У старого раны долго не заживают, у молодого — живо затягиваются. Кровь у молодых такая. Казимерас купил новую фуражку, сдвинул ее набекрень, выпустил чуб — и хоть бы хны. Стал пропадать куда-то воскресными вечерами. Господи, господи, только б опять во что-нибудь не влез…
Когда отец малость очухался и уже посеял яровые, Казимерас возьми да скажи:
— Я бы жениться хотел.
Габрелюс, сидевший за столом, при этих словах даже подскочил, отшвырнул деревянную ложку так, что та полетела под лавку.
— Ты мне глупостей не пори. Не ребенок уже.
— Потому и говорю: хочу жениться.
Отец грохнул кулаком по столу.
— Успеешь! Еще не пришло время.
Пыхтел, морщился, зыркал исподлобья на сына. Наконец мать вставила:
— Если бы справную жену…
— Успеет! — отрубил Габрелюс, хотя сам толком не знал, почему так встает на дыбы. Ведь, сидя в кутузке, не раз думал: стукнуло человеку тридцать лет, пускай сам управляется, по своему разумению… Но теперь, когда Казимерас сам об этом заговорил… «Кончаются твои денечки, — наконец-то понял он. — В Лепалотасе дни твои усохли, вода Швянтупе их унесла…»
— Выбрал уже? — смилостивился он.
— Матильда Гаршвайте. Из Паесиса.
— И выискал же ты… Так далеко.
— Совсем недалеко, папенька. Хочу жениться.
— Это мы еще посмотрим, — опять посуровел отец и посмотрел на новую фуражку сына, висящую на крюке возле двери.
«Сказала бы, вчера все это было, а ведь уже седьмой десяток кончается, — качает головой мать. — Седьмой десяток, как я Матильда Йотаутене и цепляюсь за жизнь, точно вьюнок за ветки шиповника. Невелика важность, что колючки остры, что в крови и руки и сердце. Тебе нельзя было спотыкаться. Чтоб другие не споткнулись. Идти надо было, идти. Ведь каждому отмерен кусок дороги.

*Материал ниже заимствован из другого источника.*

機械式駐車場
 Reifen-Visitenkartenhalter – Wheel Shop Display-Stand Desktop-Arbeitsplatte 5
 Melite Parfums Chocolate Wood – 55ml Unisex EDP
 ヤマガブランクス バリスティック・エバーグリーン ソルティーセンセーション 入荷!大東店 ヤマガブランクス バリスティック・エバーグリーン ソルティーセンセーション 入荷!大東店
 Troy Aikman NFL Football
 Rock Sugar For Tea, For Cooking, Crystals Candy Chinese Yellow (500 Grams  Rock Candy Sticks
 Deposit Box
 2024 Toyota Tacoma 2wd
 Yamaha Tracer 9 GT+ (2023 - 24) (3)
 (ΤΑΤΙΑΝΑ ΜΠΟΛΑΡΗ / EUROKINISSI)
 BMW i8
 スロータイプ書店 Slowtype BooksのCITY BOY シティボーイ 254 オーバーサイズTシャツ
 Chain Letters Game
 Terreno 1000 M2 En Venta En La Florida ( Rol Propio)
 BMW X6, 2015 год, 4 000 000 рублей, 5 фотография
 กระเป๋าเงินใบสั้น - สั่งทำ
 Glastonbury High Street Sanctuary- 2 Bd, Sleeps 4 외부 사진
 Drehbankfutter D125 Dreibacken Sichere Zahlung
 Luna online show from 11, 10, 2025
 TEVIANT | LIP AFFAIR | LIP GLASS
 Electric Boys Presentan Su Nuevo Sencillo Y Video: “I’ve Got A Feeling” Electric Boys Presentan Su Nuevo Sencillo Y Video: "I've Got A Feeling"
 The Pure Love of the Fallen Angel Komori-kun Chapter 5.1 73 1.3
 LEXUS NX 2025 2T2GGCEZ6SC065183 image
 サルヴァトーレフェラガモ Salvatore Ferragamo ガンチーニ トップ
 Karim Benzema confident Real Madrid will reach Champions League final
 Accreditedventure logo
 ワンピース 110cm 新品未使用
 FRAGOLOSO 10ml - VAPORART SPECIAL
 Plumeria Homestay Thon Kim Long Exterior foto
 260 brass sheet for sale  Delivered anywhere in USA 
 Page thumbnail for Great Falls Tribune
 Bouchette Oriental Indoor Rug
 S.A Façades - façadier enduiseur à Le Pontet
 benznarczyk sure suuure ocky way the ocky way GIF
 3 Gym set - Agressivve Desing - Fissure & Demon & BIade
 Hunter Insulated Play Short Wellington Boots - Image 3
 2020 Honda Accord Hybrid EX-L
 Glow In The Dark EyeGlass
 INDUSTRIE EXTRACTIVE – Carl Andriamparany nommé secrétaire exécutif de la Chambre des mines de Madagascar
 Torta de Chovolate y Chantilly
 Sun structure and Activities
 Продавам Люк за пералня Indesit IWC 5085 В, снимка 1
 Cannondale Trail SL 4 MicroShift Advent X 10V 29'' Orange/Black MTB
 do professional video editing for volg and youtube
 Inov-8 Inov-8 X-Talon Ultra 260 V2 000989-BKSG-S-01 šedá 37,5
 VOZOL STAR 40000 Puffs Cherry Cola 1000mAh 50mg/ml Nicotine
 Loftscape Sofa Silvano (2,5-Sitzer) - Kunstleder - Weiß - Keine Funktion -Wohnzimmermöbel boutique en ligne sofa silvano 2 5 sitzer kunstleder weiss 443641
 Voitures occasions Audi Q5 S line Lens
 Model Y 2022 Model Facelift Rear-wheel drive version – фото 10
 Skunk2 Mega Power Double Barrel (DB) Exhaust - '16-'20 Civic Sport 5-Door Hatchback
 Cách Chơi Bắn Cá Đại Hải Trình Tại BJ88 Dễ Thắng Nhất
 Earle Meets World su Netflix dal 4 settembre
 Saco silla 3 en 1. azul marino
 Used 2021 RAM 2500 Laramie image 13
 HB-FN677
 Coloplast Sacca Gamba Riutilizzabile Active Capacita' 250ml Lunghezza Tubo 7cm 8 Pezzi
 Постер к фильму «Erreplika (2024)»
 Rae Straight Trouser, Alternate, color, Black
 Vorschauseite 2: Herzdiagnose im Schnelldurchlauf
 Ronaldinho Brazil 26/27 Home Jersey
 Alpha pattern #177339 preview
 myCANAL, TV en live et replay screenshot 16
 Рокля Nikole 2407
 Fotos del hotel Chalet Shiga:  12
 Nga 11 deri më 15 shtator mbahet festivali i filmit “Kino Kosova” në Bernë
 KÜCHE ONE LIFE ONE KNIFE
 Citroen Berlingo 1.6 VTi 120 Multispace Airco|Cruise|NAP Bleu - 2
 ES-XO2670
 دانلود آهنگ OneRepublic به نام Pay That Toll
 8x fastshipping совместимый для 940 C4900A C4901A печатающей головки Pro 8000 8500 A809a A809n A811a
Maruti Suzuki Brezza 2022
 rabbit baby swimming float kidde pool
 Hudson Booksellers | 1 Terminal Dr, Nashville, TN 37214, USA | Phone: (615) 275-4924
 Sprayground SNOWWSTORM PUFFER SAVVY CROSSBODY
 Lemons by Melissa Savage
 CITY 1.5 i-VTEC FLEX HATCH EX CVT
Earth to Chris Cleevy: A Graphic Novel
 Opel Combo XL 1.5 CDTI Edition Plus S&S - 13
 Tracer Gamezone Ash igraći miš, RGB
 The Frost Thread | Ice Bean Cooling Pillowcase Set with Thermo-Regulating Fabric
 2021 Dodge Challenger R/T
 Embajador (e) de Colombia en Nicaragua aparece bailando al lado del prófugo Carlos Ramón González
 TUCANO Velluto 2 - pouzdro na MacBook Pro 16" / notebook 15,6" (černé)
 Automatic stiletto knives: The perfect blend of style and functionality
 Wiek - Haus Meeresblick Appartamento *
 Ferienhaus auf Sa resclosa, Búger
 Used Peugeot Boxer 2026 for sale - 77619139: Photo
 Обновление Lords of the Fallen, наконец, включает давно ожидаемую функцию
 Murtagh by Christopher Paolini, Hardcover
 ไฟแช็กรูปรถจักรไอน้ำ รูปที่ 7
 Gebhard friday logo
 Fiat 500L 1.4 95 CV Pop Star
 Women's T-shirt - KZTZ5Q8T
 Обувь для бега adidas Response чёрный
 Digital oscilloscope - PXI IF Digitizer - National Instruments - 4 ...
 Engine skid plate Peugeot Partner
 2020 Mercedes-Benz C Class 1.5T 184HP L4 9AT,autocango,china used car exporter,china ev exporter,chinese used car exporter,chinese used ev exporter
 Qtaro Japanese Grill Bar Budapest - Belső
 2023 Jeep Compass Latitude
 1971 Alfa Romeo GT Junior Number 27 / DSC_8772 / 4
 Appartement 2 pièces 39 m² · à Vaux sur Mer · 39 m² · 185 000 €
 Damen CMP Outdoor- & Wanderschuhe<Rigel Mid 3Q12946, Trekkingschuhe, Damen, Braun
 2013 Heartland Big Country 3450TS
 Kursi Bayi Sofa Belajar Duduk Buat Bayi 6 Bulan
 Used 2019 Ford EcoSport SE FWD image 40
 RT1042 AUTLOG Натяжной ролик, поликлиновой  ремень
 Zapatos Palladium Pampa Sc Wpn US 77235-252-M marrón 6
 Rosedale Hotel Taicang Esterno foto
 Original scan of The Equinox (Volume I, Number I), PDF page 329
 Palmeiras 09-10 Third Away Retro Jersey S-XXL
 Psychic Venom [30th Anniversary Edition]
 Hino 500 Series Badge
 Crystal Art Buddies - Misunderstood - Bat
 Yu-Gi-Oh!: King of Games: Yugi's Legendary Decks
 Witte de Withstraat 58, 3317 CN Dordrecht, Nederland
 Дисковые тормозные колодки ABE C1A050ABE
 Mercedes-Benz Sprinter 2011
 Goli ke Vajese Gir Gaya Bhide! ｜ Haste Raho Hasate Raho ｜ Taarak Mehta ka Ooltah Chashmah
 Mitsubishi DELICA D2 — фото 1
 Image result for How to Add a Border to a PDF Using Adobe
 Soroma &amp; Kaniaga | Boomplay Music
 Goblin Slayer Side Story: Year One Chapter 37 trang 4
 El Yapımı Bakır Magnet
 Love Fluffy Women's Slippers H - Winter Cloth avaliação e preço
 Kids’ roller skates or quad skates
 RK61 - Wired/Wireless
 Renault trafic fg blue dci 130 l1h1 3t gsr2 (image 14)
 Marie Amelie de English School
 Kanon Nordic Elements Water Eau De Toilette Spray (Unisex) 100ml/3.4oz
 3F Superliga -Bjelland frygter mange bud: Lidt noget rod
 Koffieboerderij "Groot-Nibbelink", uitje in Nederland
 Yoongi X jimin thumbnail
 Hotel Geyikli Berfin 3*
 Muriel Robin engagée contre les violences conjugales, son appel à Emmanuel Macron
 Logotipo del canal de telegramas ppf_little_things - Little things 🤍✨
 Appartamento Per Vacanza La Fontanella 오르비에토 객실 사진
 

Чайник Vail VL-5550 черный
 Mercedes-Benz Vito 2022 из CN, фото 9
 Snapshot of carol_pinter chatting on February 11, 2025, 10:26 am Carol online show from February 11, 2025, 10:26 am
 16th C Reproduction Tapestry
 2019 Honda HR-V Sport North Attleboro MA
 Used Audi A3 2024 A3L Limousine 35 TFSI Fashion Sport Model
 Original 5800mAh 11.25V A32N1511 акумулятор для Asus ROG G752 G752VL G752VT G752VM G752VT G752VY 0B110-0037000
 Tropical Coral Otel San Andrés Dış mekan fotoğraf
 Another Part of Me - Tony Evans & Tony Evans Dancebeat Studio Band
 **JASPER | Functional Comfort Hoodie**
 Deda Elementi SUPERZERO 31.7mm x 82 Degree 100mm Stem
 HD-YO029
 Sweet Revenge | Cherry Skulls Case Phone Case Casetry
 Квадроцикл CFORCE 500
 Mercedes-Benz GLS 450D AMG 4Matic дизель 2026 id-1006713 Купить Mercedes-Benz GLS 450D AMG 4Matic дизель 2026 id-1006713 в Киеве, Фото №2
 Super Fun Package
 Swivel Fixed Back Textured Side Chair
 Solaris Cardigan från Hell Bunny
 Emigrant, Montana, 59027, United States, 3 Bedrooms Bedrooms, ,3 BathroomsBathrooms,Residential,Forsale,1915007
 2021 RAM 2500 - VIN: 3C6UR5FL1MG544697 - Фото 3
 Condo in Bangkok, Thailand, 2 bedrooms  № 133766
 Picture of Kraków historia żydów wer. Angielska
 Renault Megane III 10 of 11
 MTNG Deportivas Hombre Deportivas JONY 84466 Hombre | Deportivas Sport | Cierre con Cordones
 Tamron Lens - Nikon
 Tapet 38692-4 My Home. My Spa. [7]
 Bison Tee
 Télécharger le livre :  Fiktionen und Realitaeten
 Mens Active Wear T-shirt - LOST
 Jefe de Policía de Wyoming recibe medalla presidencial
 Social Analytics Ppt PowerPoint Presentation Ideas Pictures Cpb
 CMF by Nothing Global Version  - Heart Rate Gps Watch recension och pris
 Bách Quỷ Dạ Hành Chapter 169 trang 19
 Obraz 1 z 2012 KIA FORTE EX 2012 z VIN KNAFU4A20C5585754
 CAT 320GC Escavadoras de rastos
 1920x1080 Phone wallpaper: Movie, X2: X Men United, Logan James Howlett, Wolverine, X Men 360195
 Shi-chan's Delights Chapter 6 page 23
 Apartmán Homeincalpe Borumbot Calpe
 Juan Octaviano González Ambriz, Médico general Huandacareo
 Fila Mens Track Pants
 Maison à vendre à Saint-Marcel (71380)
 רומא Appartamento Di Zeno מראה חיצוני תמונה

Только одному дорога прямая да до первого обрыва, а другому — длинная, извилистая, через всю огромную землю и еще дальше».
Силясь заглянуть в необозримые дали дороги человеческой, она откидывает голову, поворачивается лицом к маячащему вдали лесу, а может, к ясному небосводу, подпертому верхушками елей. Щурит глаза — не от сна и не от усталости липнут веки — так она видит яснее и дальше. И ни стена леса, ни годы, если так смотреть, ничего не заслоняют, все видишь и слышишь.
«Я вслушаться хочу…»
Это сказал Саулюс. А мог ведь давно уже вслушаться. Но если тебя слушать заставляют, разве что услышишь?
«Почему это вдруг?..»
И будто не она это спросила. И не она рассказывала все утро. Она только сидела вот так, зажмурившись, и не мешала им сойтись здесь да разговаривать. Сидела тихо, спокойно, не шелохнувшись, но ведь они упомянули ее имя.
Слышал ли Саулюс эту длинную речь?
Совсем не длинную, так только показалось. Пробежавшие годы никогда не бывают длинными…
«Почему это вдруг?..»
Мать все еще смотрит на лес, на небосвод над елями, откинув голову, чрезвычайно медленно наклоняется то в одну, то в другую сторону, а лицо ее бесстрастно, оно изрезано множеством морщин и складок. Дереву возраст каждый год прочерчивает по одному кольцу, в человеческой душе оставляют следы горестные дни, боль и печаль, похороны живых и мертвых, собственные тяготы. Кто сосчитает эти морщины, кто разгадает и прочитает их письмена? Цыганки навострились ворожить по ладони; лицо, если подумать, не меньше говорит.
— Я не знаю, — Саулюс пожимает плечами, словно удивляясь собственному незнанию. — Только чувствую — надо…
— Я ждала этого…
— Чего ты ждала, мама? — торопится спросить Саулюс.
— Что тебе это понадобится. И ради этого, думаю, стоило потерпеть. Одного я не могу понять — где ты был раньше?
Мать поворачивается к Саулюсу, смотрит пристально и глубоко — не в глаза, а в самое душу заглядывает: откроется ли она, распахнется ли?